_WHAT YOU NEED TO DO_: After locating the line with "Sahsahcasa Quilt King", repeat it and every following line to the end of the listing, exactly. Omit the pictures.

_DATASET SECTION_:
BEGIN
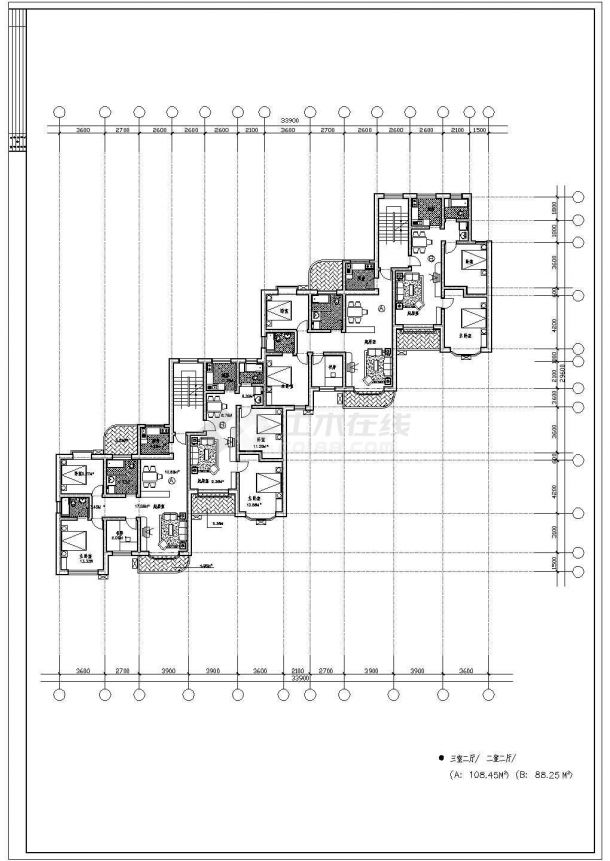 某经典楼盘一梯两户多层斜向布局196平米建筑设计图-图二
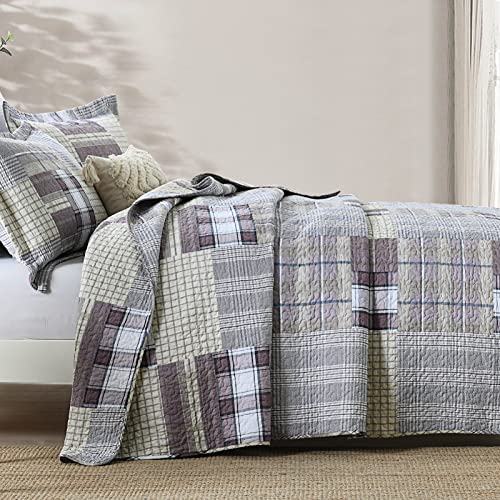 Sahsahcasa Quilt King Size, King Quilt Set, 100% Cotton King Quilt Bedding Set Bedspreads, Farmhouse Patchwork Reversible Plaid Lightweight Quilts Bedspread For King Bed, All Season, Purple, 3Pcs #TOP2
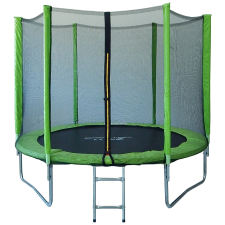 Capetan® - 120Kg - terhelhetőségű 244cm átm. Jelly Lime trambulin hálóval és létrával trambulin szett
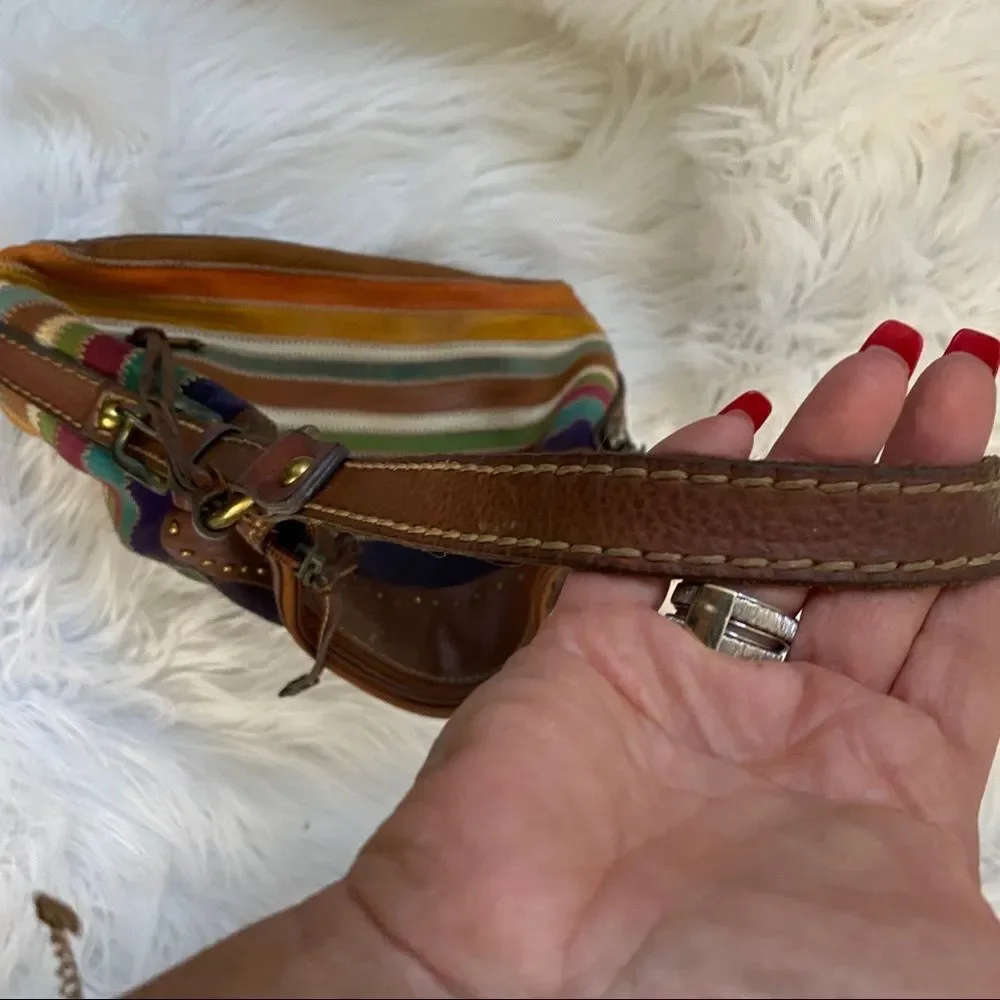 Fossil patchwork suede $ leather multi hobo bag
END
_OUTPUT OF THE TASK_:
 Sahsahcasa Quilt King Size, King Quilt Set, 100% Cotton King Quilt Bedding Set Bedspreads, Farmhouse Patchwork Reversible Plaid Lightweight Quilts Bedspread For King Bed, All Season, Purple, 3Pcs #TOP2
 Capetan® - 120Kg - terhelhetőségű 244cm átm. Jelly Lime trambulin hálóval és létrával trambulin szett
 Fossil patchwork suede $ leather multi hobo bag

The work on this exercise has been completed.